::: AVAILABLE DATA

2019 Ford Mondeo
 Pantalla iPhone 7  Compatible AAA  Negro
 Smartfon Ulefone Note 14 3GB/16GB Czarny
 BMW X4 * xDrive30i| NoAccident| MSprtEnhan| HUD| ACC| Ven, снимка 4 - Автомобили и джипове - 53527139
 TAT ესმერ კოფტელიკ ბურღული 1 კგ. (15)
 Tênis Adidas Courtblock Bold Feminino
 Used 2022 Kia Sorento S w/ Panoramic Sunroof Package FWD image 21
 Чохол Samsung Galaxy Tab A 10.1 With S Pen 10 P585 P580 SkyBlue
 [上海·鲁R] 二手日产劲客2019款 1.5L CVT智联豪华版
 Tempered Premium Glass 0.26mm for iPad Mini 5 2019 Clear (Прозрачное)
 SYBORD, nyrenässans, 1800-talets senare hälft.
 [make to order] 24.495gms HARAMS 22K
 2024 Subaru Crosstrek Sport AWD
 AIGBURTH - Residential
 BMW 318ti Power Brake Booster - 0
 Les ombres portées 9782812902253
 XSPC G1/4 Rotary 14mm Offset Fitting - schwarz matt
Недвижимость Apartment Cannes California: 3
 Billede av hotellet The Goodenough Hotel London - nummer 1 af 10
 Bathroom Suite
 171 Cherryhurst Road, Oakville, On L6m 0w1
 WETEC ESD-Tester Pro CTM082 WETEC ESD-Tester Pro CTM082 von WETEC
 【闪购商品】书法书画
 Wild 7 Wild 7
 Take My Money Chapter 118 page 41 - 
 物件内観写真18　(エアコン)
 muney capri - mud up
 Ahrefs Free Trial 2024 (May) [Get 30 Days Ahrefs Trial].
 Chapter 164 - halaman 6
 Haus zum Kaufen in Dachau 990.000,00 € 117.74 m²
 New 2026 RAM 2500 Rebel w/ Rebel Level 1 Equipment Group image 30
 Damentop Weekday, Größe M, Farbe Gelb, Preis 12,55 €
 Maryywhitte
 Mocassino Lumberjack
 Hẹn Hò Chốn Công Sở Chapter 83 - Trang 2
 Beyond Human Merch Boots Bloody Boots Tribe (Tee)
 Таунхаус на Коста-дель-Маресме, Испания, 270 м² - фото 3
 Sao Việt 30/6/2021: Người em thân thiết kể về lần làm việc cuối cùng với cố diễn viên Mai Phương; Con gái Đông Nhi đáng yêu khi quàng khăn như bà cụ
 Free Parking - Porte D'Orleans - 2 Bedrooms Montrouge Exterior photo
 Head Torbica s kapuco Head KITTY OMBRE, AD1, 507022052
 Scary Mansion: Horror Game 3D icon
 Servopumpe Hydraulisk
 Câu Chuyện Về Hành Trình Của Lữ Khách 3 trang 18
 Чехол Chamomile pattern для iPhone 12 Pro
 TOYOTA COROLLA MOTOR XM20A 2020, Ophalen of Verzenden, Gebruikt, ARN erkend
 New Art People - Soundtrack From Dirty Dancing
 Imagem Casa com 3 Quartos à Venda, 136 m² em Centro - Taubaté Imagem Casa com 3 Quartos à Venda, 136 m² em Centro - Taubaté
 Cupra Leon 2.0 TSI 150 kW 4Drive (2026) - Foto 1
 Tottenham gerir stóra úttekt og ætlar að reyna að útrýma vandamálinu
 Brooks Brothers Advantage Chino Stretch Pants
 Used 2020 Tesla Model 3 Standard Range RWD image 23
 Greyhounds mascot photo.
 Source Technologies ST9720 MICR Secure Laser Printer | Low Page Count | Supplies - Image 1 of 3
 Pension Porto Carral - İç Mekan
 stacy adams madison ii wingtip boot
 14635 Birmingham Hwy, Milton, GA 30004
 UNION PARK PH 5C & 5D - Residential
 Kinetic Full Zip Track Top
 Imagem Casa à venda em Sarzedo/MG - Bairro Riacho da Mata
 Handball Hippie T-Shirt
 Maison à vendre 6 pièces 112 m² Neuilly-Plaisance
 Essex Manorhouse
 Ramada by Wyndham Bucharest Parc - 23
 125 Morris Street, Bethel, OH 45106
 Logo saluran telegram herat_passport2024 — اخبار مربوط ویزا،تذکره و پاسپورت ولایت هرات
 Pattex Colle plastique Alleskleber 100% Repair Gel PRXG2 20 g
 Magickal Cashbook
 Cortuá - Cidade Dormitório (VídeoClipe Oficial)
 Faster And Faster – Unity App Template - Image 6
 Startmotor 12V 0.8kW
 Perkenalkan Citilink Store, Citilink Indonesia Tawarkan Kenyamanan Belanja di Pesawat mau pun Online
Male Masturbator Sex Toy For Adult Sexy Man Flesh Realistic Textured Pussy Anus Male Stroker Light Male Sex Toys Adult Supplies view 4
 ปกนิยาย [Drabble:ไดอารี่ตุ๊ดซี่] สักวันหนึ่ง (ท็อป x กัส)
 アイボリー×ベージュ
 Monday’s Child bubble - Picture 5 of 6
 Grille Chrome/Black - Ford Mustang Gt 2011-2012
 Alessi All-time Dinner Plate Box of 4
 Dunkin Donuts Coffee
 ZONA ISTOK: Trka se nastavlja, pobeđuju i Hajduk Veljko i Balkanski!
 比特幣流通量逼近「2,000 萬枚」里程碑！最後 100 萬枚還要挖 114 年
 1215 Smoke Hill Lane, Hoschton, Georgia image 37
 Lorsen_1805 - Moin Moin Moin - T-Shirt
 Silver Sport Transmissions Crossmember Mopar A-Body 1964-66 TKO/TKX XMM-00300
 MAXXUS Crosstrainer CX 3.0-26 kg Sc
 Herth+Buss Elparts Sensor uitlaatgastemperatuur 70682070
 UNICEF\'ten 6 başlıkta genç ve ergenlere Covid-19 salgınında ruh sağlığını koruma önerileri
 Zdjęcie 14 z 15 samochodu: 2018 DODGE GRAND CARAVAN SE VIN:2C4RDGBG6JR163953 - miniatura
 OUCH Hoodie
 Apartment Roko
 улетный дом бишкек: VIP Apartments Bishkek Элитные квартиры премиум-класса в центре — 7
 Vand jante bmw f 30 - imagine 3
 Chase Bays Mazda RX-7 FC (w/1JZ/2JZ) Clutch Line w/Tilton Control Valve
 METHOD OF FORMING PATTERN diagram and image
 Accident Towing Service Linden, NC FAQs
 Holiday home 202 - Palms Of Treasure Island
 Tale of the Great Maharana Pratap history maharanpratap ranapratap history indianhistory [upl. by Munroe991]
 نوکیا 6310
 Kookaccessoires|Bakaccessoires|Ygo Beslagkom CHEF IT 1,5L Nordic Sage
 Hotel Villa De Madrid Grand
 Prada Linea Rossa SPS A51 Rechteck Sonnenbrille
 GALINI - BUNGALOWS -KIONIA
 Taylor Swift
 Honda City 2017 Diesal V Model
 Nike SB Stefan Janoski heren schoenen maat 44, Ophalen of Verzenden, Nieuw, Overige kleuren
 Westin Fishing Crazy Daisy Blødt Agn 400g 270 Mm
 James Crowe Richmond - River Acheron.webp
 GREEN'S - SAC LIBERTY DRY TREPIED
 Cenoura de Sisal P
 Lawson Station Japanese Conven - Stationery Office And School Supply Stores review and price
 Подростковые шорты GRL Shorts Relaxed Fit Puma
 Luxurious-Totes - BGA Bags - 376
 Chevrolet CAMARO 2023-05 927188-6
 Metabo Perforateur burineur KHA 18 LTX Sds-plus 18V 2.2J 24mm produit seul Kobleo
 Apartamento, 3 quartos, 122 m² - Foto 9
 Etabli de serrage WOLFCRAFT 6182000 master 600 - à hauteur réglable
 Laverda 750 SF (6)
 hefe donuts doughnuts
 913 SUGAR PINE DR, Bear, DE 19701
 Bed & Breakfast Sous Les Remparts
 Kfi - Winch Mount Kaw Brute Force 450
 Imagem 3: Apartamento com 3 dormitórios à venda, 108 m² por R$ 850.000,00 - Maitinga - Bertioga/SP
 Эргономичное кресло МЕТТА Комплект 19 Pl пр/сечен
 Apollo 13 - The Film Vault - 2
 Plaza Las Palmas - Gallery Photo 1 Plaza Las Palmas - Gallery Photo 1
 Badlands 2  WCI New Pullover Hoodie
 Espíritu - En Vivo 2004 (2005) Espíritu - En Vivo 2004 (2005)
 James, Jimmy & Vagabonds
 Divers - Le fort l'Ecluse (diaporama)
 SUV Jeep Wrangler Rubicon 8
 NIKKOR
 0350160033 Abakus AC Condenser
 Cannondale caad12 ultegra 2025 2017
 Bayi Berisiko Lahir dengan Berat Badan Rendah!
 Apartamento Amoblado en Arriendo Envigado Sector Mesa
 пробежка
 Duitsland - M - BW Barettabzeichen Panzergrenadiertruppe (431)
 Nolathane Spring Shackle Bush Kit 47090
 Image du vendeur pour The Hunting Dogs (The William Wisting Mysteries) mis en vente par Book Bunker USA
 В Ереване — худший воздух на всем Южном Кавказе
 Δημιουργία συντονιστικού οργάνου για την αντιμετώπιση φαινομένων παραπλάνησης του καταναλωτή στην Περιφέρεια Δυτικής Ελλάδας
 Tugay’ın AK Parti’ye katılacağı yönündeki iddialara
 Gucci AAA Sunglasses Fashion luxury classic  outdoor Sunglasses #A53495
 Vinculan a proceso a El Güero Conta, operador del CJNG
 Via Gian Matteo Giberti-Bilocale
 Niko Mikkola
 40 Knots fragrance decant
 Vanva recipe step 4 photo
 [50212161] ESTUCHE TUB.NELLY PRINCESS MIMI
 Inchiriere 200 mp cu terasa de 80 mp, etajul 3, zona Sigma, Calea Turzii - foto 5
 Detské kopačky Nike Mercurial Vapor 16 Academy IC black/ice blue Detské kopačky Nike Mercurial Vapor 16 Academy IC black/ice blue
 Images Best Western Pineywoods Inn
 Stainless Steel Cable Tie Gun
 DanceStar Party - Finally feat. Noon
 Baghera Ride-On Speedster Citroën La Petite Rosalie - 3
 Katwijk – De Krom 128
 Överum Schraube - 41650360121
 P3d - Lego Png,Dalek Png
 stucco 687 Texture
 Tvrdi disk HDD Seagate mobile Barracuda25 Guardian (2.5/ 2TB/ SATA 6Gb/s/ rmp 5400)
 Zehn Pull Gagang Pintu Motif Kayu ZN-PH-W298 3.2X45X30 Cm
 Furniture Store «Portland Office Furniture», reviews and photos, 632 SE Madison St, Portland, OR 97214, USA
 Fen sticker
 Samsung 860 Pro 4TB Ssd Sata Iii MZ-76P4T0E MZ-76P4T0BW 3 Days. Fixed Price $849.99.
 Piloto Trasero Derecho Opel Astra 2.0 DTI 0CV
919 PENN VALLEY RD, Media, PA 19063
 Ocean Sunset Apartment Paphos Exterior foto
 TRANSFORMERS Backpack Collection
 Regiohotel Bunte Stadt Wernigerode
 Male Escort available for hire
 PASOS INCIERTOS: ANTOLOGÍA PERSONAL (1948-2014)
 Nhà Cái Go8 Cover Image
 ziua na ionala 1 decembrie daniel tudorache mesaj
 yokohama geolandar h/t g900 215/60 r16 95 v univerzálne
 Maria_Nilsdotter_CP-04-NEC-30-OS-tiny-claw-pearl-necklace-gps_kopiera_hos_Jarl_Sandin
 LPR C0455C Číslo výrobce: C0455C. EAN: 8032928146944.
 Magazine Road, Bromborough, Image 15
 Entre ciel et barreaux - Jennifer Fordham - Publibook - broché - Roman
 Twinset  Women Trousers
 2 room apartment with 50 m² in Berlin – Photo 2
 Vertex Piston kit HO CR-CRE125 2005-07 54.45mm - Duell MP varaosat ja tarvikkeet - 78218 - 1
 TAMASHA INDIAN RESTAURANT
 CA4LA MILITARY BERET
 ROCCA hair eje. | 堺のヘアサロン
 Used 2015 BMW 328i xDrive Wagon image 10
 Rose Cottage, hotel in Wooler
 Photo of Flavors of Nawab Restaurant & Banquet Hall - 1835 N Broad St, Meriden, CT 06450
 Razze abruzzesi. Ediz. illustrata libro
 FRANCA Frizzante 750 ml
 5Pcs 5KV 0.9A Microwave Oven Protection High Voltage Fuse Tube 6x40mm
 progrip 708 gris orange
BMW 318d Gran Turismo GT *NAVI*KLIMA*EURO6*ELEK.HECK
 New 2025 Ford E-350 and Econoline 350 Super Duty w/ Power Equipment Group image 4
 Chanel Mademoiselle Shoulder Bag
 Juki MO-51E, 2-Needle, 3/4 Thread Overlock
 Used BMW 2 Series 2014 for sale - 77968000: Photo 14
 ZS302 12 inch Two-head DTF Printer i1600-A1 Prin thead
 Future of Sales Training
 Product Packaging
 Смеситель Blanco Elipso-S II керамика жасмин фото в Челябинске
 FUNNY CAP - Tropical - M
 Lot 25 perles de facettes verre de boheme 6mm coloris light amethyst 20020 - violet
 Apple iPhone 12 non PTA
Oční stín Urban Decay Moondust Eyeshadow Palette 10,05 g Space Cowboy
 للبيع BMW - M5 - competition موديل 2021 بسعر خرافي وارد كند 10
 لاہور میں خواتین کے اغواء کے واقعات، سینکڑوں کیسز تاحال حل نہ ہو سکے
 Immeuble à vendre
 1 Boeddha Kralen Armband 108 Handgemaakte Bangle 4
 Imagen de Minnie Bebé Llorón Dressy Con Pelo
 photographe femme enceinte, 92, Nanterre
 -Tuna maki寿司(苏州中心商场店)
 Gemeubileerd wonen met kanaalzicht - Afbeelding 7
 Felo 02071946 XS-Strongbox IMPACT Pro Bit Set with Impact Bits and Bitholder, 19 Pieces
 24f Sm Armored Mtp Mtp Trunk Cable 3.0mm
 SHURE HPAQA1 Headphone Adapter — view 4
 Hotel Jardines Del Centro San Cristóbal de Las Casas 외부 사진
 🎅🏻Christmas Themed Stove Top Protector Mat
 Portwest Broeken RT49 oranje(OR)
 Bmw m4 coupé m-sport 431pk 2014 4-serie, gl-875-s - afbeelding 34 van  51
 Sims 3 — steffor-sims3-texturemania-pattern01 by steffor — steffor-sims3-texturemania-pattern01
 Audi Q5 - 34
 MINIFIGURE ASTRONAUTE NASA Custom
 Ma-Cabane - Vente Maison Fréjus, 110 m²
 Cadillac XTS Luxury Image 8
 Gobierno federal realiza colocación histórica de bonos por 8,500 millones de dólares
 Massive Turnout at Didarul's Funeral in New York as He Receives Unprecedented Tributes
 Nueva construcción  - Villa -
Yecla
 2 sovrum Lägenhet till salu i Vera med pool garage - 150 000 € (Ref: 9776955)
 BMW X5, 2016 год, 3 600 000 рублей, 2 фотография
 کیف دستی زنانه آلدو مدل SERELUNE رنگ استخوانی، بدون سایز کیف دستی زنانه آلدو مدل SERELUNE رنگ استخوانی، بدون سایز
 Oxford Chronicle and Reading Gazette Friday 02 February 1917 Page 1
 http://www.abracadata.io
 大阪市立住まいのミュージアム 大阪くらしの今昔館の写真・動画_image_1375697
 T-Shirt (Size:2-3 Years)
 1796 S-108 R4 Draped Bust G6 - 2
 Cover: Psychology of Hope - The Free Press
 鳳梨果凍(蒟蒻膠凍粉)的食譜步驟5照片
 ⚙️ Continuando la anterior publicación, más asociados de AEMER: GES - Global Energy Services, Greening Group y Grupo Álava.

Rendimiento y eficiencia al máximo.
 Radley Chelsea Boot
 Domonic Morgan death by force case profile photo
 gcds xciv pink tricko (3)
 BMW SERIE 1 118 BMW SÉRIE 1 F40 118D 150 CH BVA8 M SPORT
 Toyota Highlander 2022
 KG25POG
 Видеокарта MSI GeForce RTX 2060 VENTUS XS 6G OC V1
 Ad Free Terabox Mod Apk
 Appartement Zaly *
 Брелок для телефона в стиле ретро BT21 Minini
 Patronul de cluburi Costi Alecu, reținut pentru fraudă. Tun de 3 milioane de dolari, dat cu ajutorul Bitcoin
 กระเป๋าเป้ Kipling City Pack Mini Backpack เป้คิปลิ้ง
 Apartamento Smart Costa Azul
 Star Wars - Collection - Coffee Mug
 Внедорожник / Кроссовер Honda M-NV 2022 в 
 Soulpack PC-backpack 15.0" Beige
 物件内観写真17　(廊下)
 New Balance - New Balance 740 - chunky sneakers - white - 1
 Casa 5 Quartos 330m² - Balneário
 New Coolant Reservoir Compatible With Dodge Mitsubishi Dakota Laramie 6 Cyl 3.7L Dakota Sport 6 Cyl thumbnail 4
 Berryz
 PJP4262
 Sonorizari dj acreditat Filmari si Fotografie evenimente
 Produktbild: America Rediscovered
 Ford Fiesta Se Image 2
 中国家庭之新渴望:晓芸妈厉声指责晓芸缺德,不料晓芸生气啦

::::::

• **TASK OBJECTIVE**:
Give again, word for word, the records from their first line to the one with "Tempered Premium Glass", and leave out all else.

• **COMPLETED TASK**:
2019 Ford Mondeo
 Pantalla iPhone 7  Compatible AAA  Negro
 Smartfon Ulefone Note 14 3GB/16GB Czarny
 BMW X4 * xDrive30i| NoAccident| MSprtEnhan| HUD| ACC| Ven, снимка 4 - Автомобили и джипове - 53527139
 TAT ესმერ კოფტელიკ ბურღული 1 კგ. (15)
 Tênis Adidas Courtblock Bold Feminino
 Used 2022 Kia Sorento S w/ Panoramic Sunroof Package FWD image 21
 Чохол Samsung Galaxy Tab A 10.1 With S Pen 10 P585 P580 SkyBlue
 [上海·鲁R] 二手日产劲客2019款 1.5L CVT智联豪华版
 Tempered Premium Glass 0.26mm for iPad Mini 5 2019 Clear (Прозрачное)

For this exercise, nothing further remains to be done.